The class folder with access to reading material (and presentations as become available) is here

Readings

Review of relational technology (9/9)

Background: Read Chapter 3,4,10,13,14,15 from ramakrishnan's book (Database Management Systems) 3rd Edition.
Overview of Query Optimization in relational Systems, S. Chaudhuri PODS 1998
R-Trees: A Dynamic Index Structure for Spatial Searching, A. Guttman, SIGMOD 1984
Improved Selectivity Estimation by Combining Knowledge from Sampling Synopses, Muller et. al., VLDB 2018

Overview of noSQL (9/16)

M. Stonebraker, SQL databases v. NoSQL databases, in Communications. ACM 53(4): 10-11 (2010).
J. Dean and S. Ghemawat, MapReduce: Simplified Data Processing on Large Clusters, in OSDI 2004.
Jeffrey Dean, Sanjay Ghemawat: MapReduce: a flexible data processing tool. 72-77, CACM January 2010
Spark Apache Spark a unified Engine for Big Data Processing, CACM 2016. Zaharia et. al.,

Indexing (9/23)

SageDB A Learned Database System, CIDR 2018
The Case for Learned Indicies, SIGMOD 2018
Considerations for Handling Updates in Learned Index Structures, aiDM 2019
ALEX: An updatable Adaptive Learned Index, 2019

Query Optimization (9/30)

Towards A Hands Free Query Optimizer with Deep Learning, CIDR 2019
Plan Structured Deep Neural Network Models for Query Performance Prediction, VLDB 2019
Learning State Representations for Query Optimization With Deep Reenforcement Learning DEEM 2018
Deep Reinforcement Learning for join order enumeration aiDM 2018
Learning to Optimize Join Queries with Deep Reinforcement Learning

Selectivity Estimation (10/7)

Learned Cardinalities: Estimating Correlated Joins With Deep Learning CIDR 2019
Multi attribute selectivity estimation using deep learning
MADE: Masked Autoencoder for Distribution Estimation NIPS 2016

Data Exploration (10/21)

Intelligent Rollups in Multidimensional Data VLDB 2001
Interactive Data Exploration with Smart Drill down VLDB 2015
Neural Cubes Deep Representations for Visual Data Exploration
Visual Exploration of Machine Learning Results Using Data Cube Analysis HILDA 2016

Entity Resolution (10/28)

A Theory of Record Linkage
Magellan: Toward Building Entity matching Systems VLDB 2016
Entity Matching: How Similar is Similar VLDB 2011
Entity Resolution Tutorial
Deep Learning for Entity Matching a design space exploration, SIGMOD 2018

Entity Resolution Optimizations (11/11)

Data Managament for Video Streams (11/18)

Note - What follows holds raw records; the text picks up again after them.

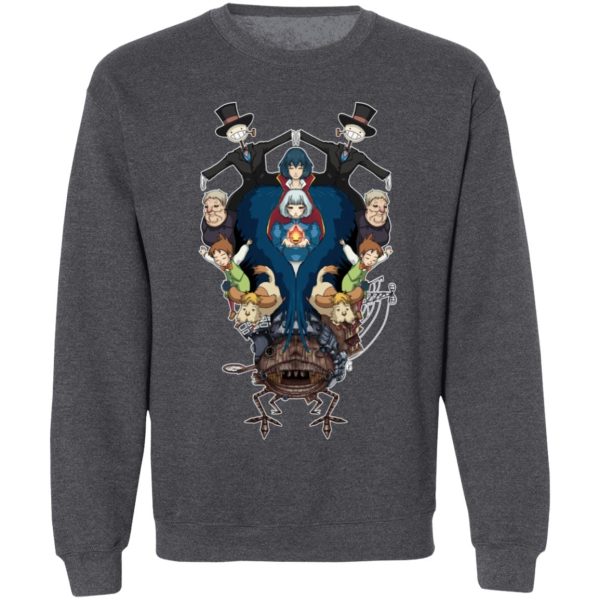 Ghibli Howl's Moving Castle - Howl’s Moving Castle Characters Mirror Sweatshirt-Apparel, Ghibli Howl's Moving Castle, Howl's Moving Castle, Sweatshirt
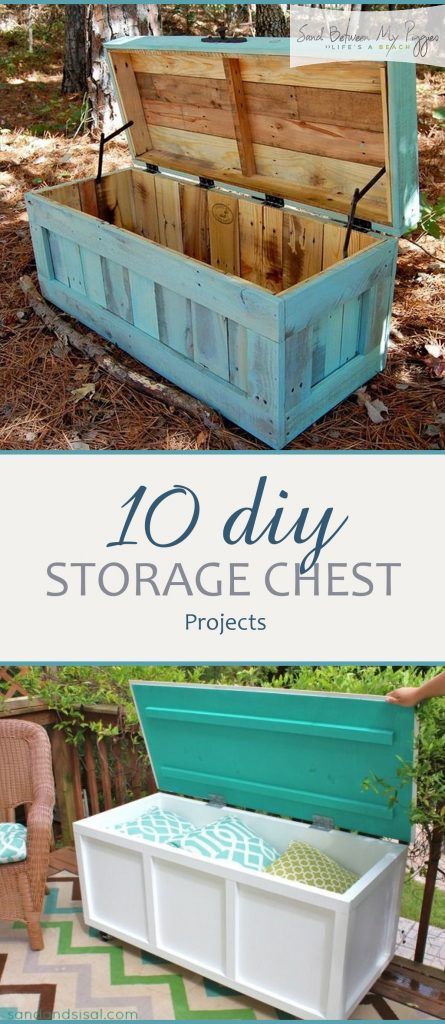 10 DIY Storage Chest Projects | Sand Between My Piggies- Beach Vacations and Travel - all things Beach Diy Storage Chest, Garden Diy Furniture, Chests Diy, Chest Ideas, Diy Storage Bench, Diy Rangement, Hout Diy, Halloween Decorations Diy Outdoor, Hemma Diy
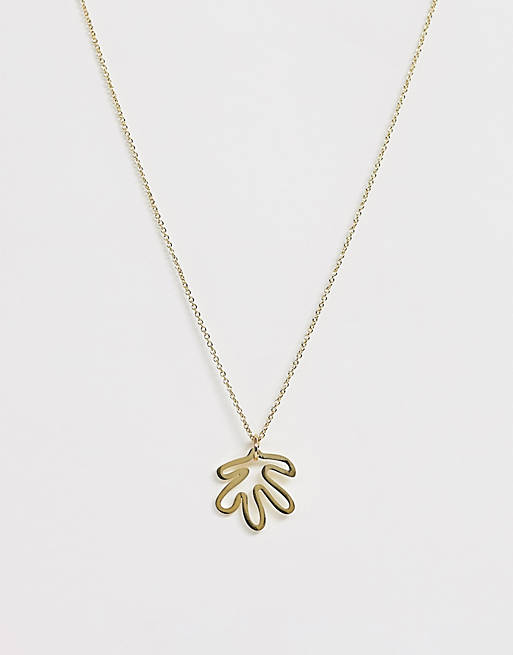 Whistles abstract leaf necklace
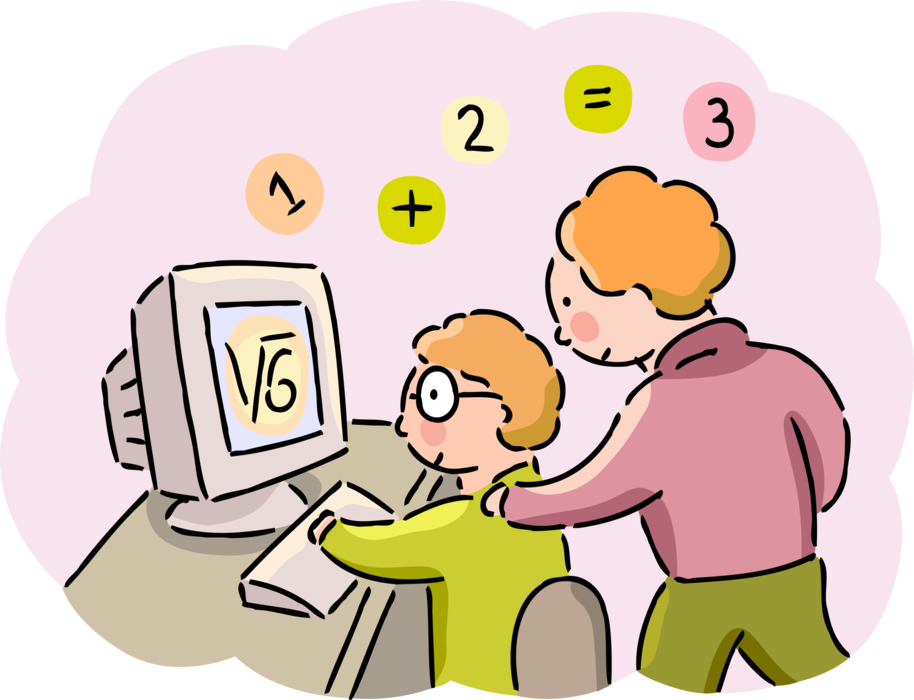 Vector Illustration of Teacher Assists Academic Student with Math Problem in School Classroom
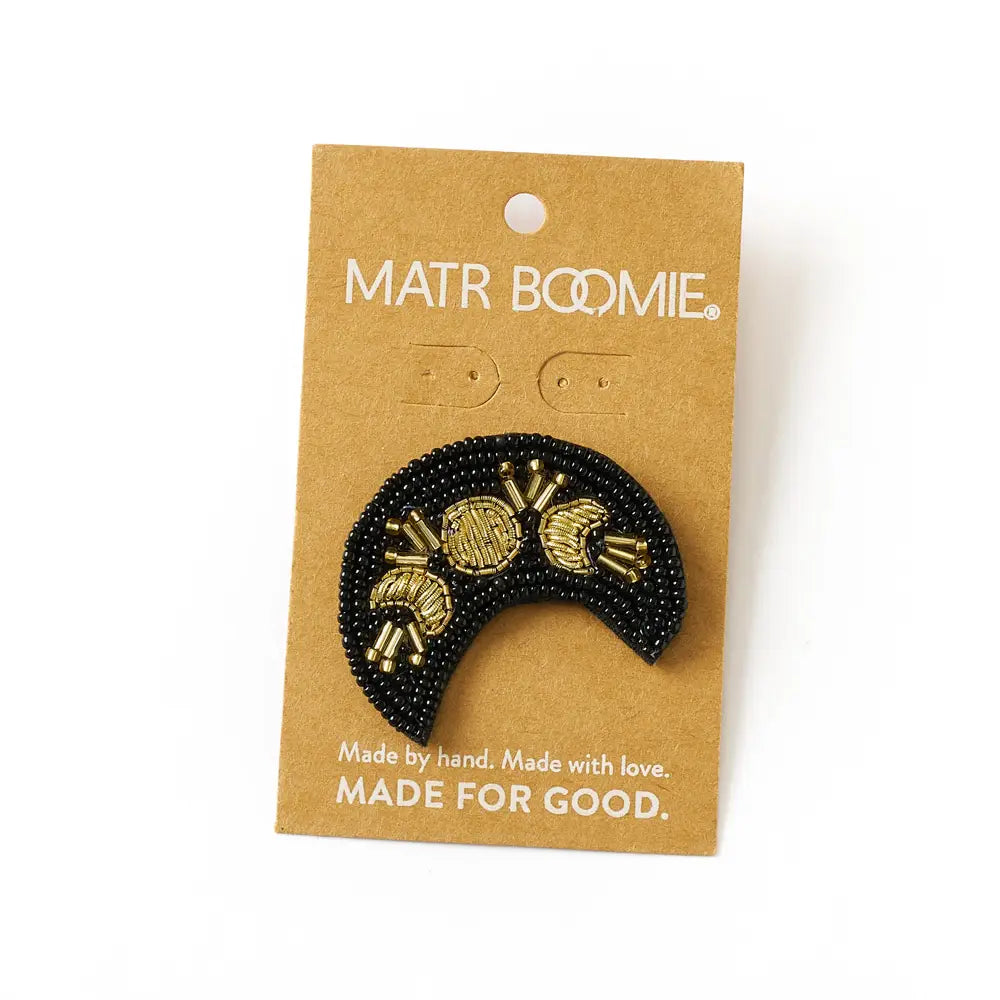 Bala Mani Beaded Moon Brooch Pin | Handmade Fair Trade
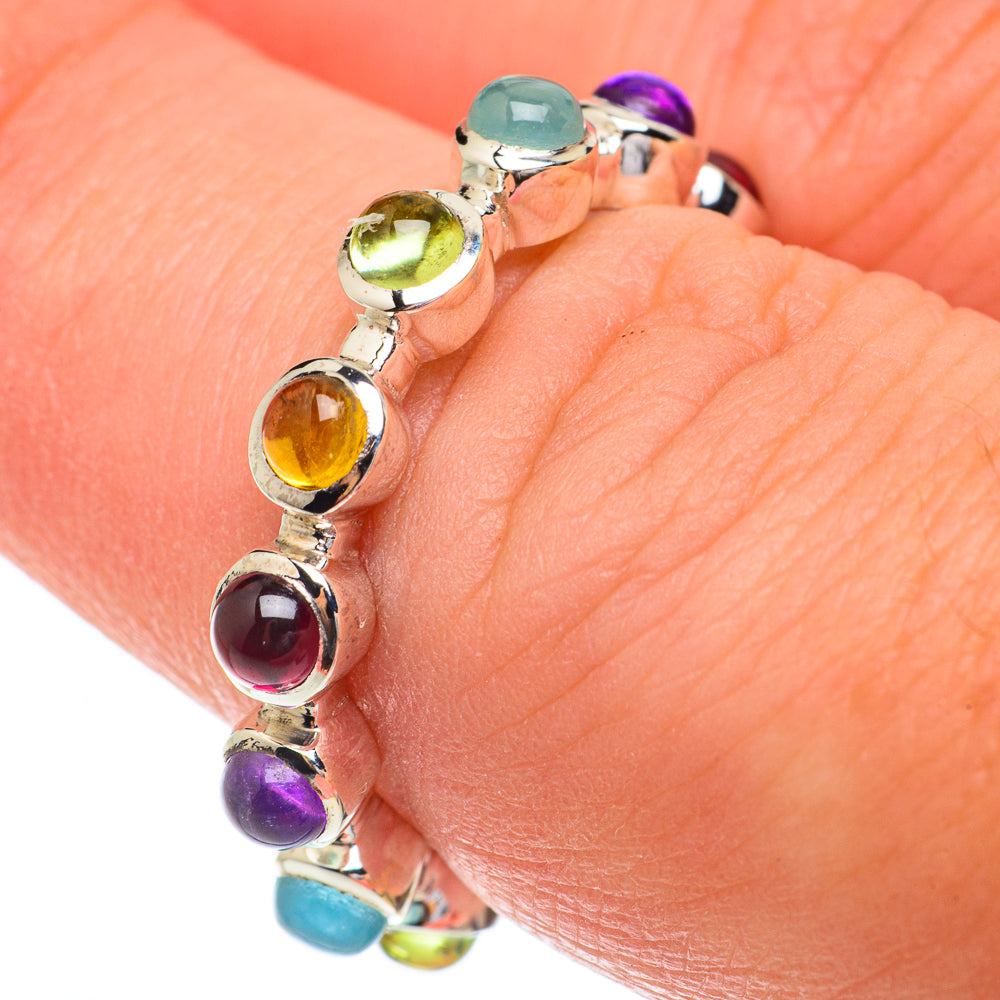 Multi-stone Rainbow Band Rings handcrafted by Ana Silver Co - RING65202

RDBMS for Machine Learning (11/25)

Scalable Linear Algebra on a relational database systems, ICDE 2017
Scaling machine Learning via compressed linear algebra, VLDB 2016
SystemML Declarative Machine Lerning on Spark VLDB 2016
materialization Optimizations for feature selection workloads SIGMOD 2014

Project Presentations(12/2)

Other Resources

PhD Comics
Grad school

Food for thought: grad school

Food for thought: more talks

Breakdown of marks

The course mark will be broken down into the categories listed below, with points assigned as indicated:

Weight	Item	Minimal mark	Moderate mark	High mark
30%	Participation	Present	Talkative	Insightful comments or questions
20%	Presentations	Factually correct	Designed and delivered well	Transmits effectively key points, implications, etc.
5%	Quality of feedback to peers	Focus on nitpicks and minutiae	Suggest incremental improvements	Identify structural strengths and flaws
45%	Final project	Unambitious and/or badly planned	Partially implemented and/or poorly presented	Implemented successfully with key learning points presented

Project proposals

The course is associated with a project. Proposed class projects will be described by the instructor. Feel free to discuss your ideas with the instructor and propose your own project. However the project you propose HAS to be associated with the material in the class. This is very important and it is not up for discussion. The project should have a research component. Project ideas will be outlined in class but you are responsible for proposing your project. Some background reading is associated with each project. The project proposal (due date Oct 21) should contain the following information:

Topic to be addressed and the nature of the problem
State of the art (prior work, what remains unsolved, etc.)
The proposed technique to be implemented/evaluated
To what degree the project will repeat existing work
Specific, measurable goals: deliverables, and dates you expect to produce them

Project proposals should be a couple of pages at most. A project status report is due on Nov 11. The status report should include a description of progress to date and what is expected to be accomplished by the final project presentation day.